“No one should speak for us, but us.” This message came clearly across when Shahed Amanullah came to speak to our class on June 8th, 2012. Both in 2009 and 2010, Mr. Amanullah has been named as one of the 500 most influential Muslims in the world, according to Georgetown University. His active participation in Muslim and American communities has made him one of the top 10 most visionary young Muslims, according to Islamica Magazine in 2007. Currently, Shahed Amanullah is the Senior Advisor for technology for the US Department of State. He also focuses on digital diplomacy projects in the Office of the Special Representative to Muslim Communities Worldwide. His reports are directly handed over to Secretary of State, Hillary Clinton.
Shahed Amanullah’s experience in social media and entrepreneurship has given him insight on what society needs and wants. For example, Shahed founded Halalfire- a website that is a great tool to do market research on Muslim communities worldwide. His website that he created in 1998, zabiha.com, makes it easier for Muslims to find local butcher zabiha shops as well as zabiha restaurants. Also, his website altmuslim.com, founded in 2001, is now a growing online newsmagazine that discusses Muslim issues worldwide. Shahed Amanullah has been a very successful entrepreneur as Halalfire serves over 12 million users annually!
He has been involved in trying to mediate negative stereotypes on Muslims through his twitter, www.twitter.com/shahed, writing journal articles for websites such as Washingtonpost and doing interviews on BBC radio, for example. He was active during the Ground zero debate. Also, he wrote an article on “Draw Muhammad Day”. http://www.huffingtonpost.com/shahed-amanullah/the-collective-punishment.... In this article in the Huffingtonpost, Shahed Amanullah clearly said that people involved in “Draw Muhammad Day” should be allowed to do so because of “Freedom of Speech”, but it should be done with respect towards minorities. He believes that Americans and media at large should not be targeting Muslims for the death threats that the people involved in the event are getting. Americans and media at large should be targeting “the people responsible for sullying free speech, not those who respected it”.
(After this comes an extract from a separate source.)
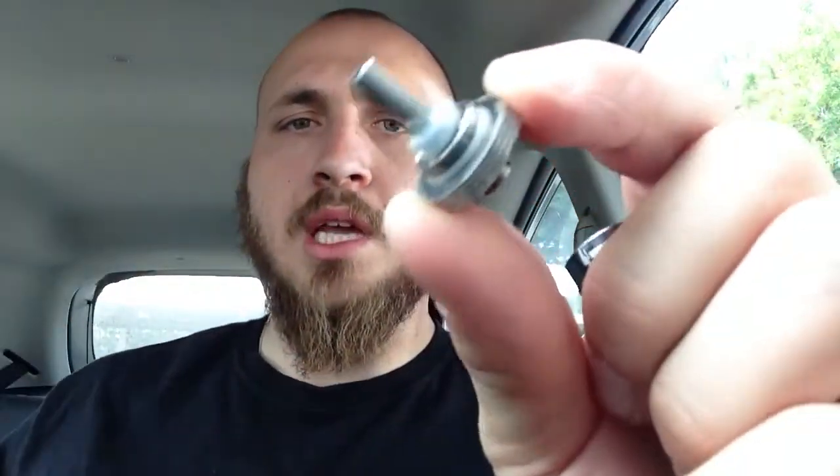I usually take off the extra wicks so my e-liquid can cook a little bit better. Other than that, I stay with the VG. Propylene glycol I'm not really a fan of — I like VG because it gives me a thicker vapor.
To end the class, he gave us advice for us young American Muslims that would like to make a difference in the world as positive role models as not just Muslims, but also as Americans and humans in general. He stressed the importance of speaking out through various outlets such as journalistic writing, and growing social media outlet: twitter. He discussed the idea of “brand”. A brand would mean who we want to be, and portray ourselves as that on social media like twitter because it’s the most effective to get recognized, and become an influencer. He warned us to cautious of what we put on the Internet, however, because it will always stay with us-for the good and for the bad. His methods on effectively using communication mediums have given the class motivation to bring positive change to the American Muslim world. I am hopeful when I say that differences can be made; it just depends on how we use the tools given to us.